Dipper put his arm around her. "Not to me. You're my Lumberjack Girl. You're my Magic Girl. Nobody can beat that."

"But if Pacifica really went for you—dude, I know guys. No offense, but you're all driven by hormones or some biz. It would be impossible not to give in."

"As Mabel would say," Dipper responded, "Pfffbbbbt! Fat chance. And you'd be surprised how well I could resist her."

"Yeah, but there's Tambry," Wendy said.

"Well, I—wait, what?"

"Haven't you noticed how she looks at you?" Wendy asked. "Between you and me, I think now that she and Robbie are, you know, sleeping together, she's starting to wonder if she might not have a better choice."

"Wubba," Dipper said. "Bah-buh-bubba." He finally got control of his tongue again: "Tam-Tambry? You think she likes me? I mean, TAMBRY? Come on!"

"She already took Robbie after I broke up with him!"

"Yeah, and they're crazy about each other. I mean, they're both Goth and all!"

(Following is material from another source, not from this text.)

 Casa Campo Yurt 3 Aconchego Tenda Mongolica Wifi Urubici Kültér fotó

"You just don't always notice. Cindy and Pam, too! I saw them glancing at you, man. That's also why Vanilla got those henna tatts, you know—trying to catch your eye. 'Cause all I got's these damn freckles!"

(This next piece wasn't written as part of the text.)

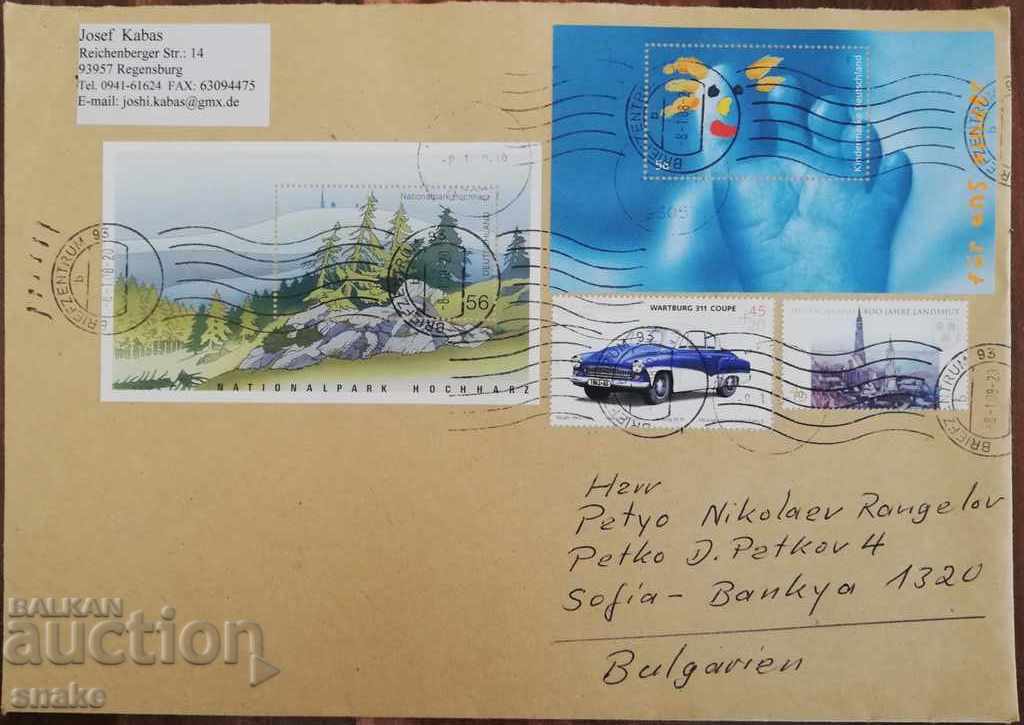 Germany - Envelope traveled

"Your freckles are beautiful!" Dipper said.

"Dipper? Would you go for a ride with me?"

"Sure. Uh—where?"

"Just ride around, clear my head. Now that everybody's out at the field, there's, like, no traffic. I know some quiet spots. I think that's what I need right now."

They walked back to the Shack and Dipper got into the passenger's seat of the Dodge Dart. Wendy opened the back door and put her purse back there. It seemed to take her a couple of minutes. Then she got behind the wheel. "Dipper," she said, "I love you."

"Love you, too!" Dipper said. "You know I do."

"So—I'm sorry I have to do this, OK?"

"Do wh—"

Wendy suddenly pressed a folded bandanna against his face and held him tight. She was a strong girl. "Shh, shh, this won't hurt. It's OK, Dip. Just breathe. It's fine, I'm with you, it's OK."

The bandanna had a sweet smell, with sort of an alcohol edge. Dipper struggled a little, panicking. Sounds started to be weird, almost like someone had put the world on a wah-wah pedal, fading and coming back and fading more. His lips felt numb, and then the world started to turn purple. "Weh—" he said, his voice muffled by the cloth.

"Shh. Shh. I got you, Dip." She kissed his forehead, but he couldn't feel it. "Breathe for me. In and out, in and out."

He couldn't feel his arms, either. The purple haze began to throb in his vision, growing darker each time his heart beat. Then he felt a weird kind of euphoria—nothing mattered, he was with Wendy, she'd make it all right.

And then the deepest darkness closed over him softly, as though he had been taken up in the palm of a giant wearing a black velvet glove, and the fingers of unconsciousness closed and for Dipper the world was gone.